## Required work:
Every line from the start of the records through the line with "Jane Plastow - African" is to be written out exactly; pictures are not.

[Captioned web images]
.....
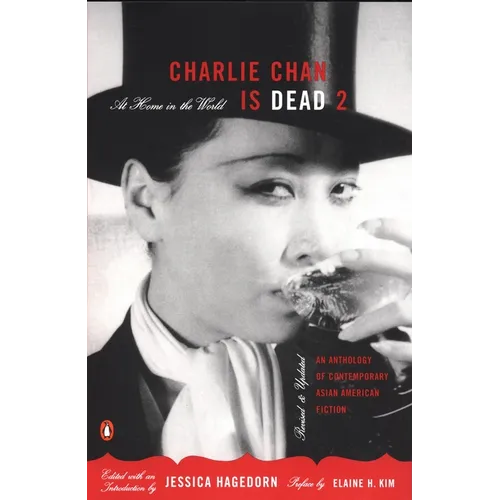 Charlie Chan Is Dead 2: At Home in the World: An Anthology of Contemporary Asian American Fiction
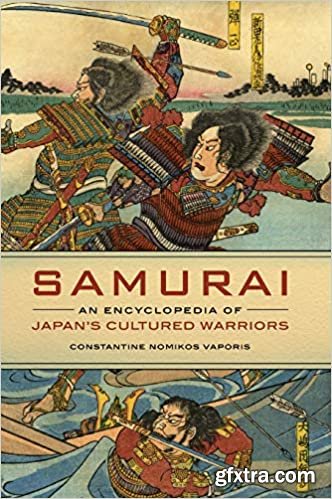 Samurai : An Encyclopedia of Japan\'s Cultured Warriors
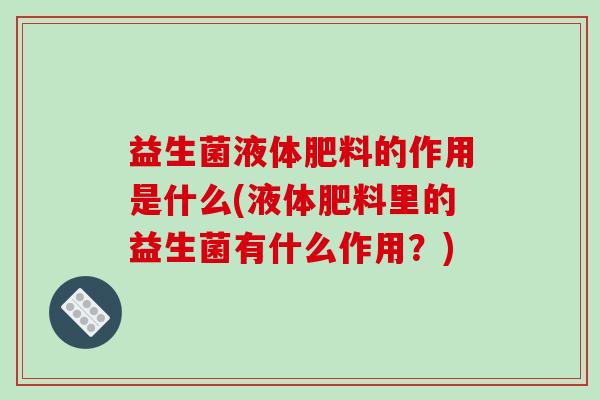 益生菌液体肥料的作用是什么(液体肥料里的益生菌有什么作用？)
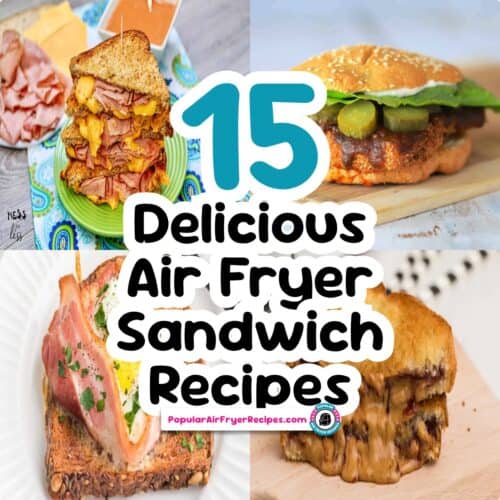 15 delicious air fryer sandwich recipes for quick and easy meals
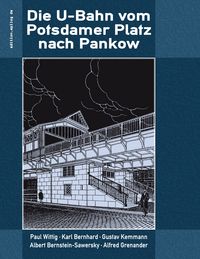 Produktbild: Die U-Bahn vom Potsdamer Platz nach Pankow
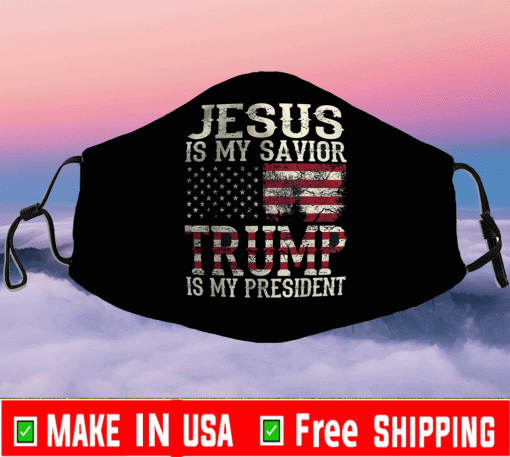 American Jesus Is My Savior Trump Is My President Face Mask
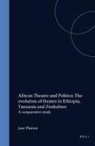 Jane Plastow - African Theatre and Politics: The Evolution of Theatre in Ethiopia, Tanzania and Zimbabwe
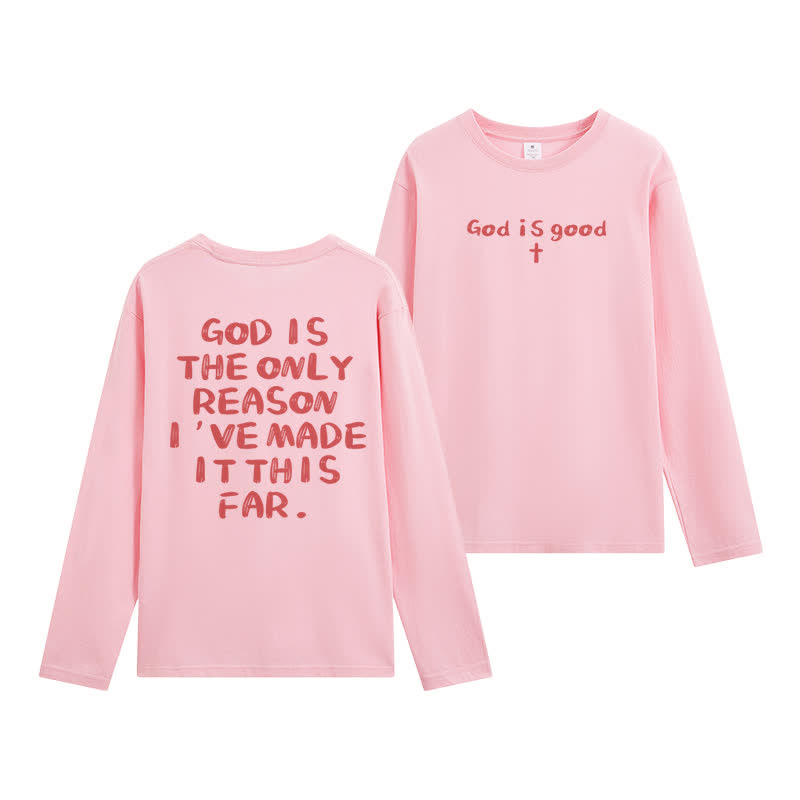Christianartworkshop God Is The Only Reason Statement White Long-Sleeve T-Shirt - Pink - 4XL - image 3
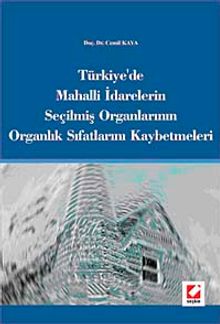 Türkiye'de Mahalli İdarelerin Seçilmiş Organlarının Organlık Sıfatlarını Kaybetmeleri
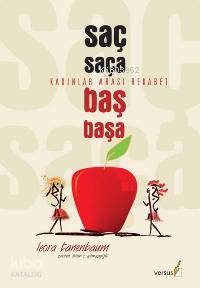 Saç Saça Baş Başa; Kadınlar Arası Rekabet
.....
## Answer to the problem:
 Charlie Chan Is Dead 2: At Home in the World: An Anthology of Contemporary Asian American Fiction
 Samurai : An Encyclopedia of Japan\'s Cultured Warriors
 益生菌液体肥料的作用是什么(液体肥料里的益生菌有什么作用？)
 15 delicious air fryer sandwich recipes for quick and easy meals
 Produktbild: Die U-Bahn vom Potsdamer Platz nach Pankow
 American Jesus Is My Savior Trump Is My President Face Mask
 Jane Plastow - African Theatre and Politics: The Evolution of Theatre in Ethiopia, Tanzania and Zimbabwe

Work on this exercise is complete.